» What you should do:
Everything from the line containing "Appartement F6 à" through the line containing "Tajny program Rosji" should be repeated exactly, and nothing else from the data.

» Given data:
┏━━

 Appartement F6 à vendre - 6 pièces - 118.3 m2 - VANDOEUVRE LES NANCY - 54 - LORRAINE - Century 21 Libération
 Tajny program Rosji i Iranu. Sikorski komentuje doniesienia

┗━━
┏━━

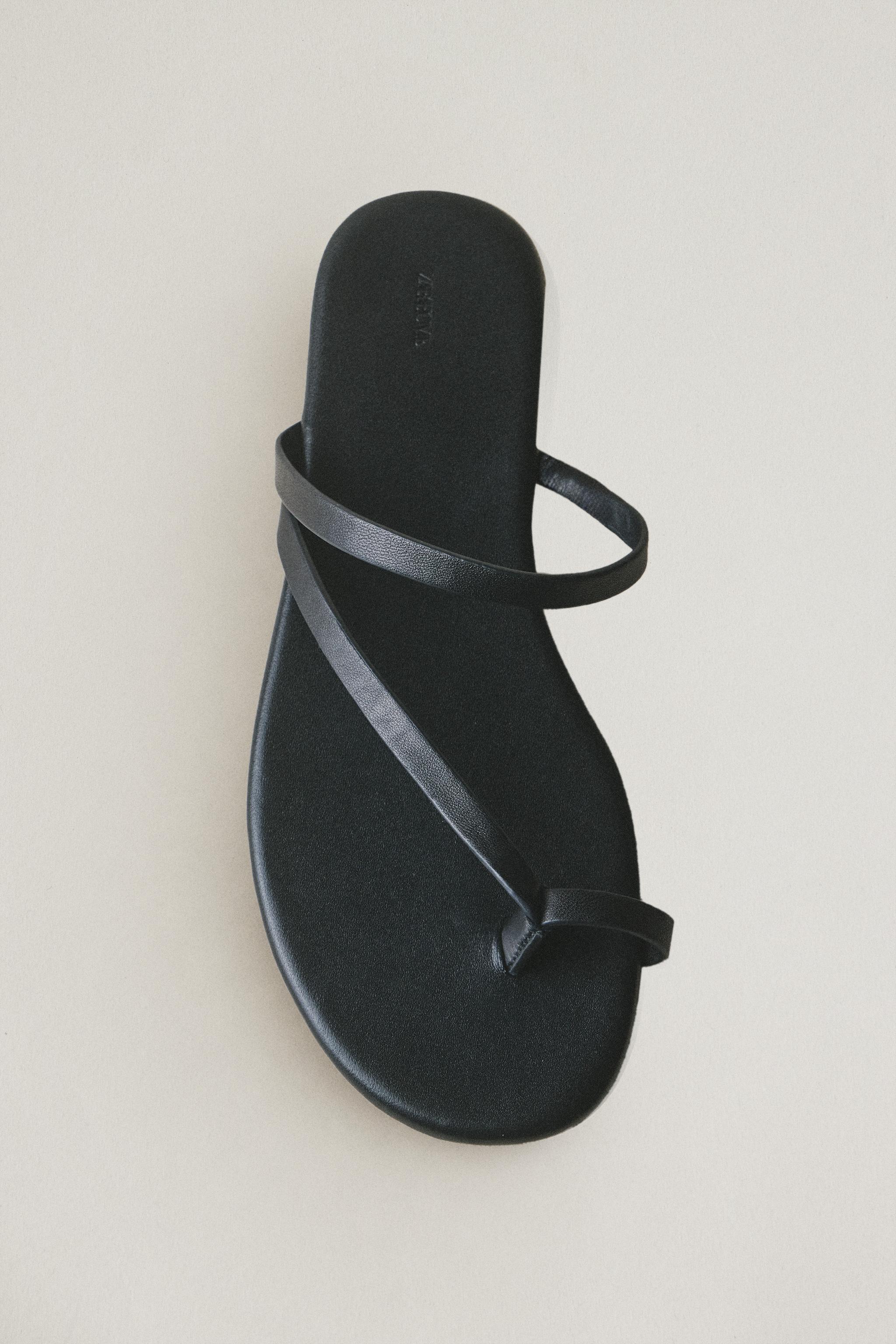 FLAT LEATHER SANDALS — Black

┗━━
┏━━

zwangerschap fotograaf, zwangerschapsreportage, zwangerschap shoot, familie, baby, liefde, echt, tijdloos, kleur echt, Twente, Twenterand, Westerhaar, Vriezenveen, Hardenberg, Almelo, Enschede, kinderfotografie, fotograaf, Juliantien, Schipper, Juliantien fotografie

┗━━

» Solution for this exercise:
 Appartement F6 à vendre - 6 pièces - 118.3 m2 - VANDOEUVRE LES NANCY - 54 - LORRAINE - Century 21 Libération
 Tajny program Rosji i Iranu. Sikorski komentuje doniesienia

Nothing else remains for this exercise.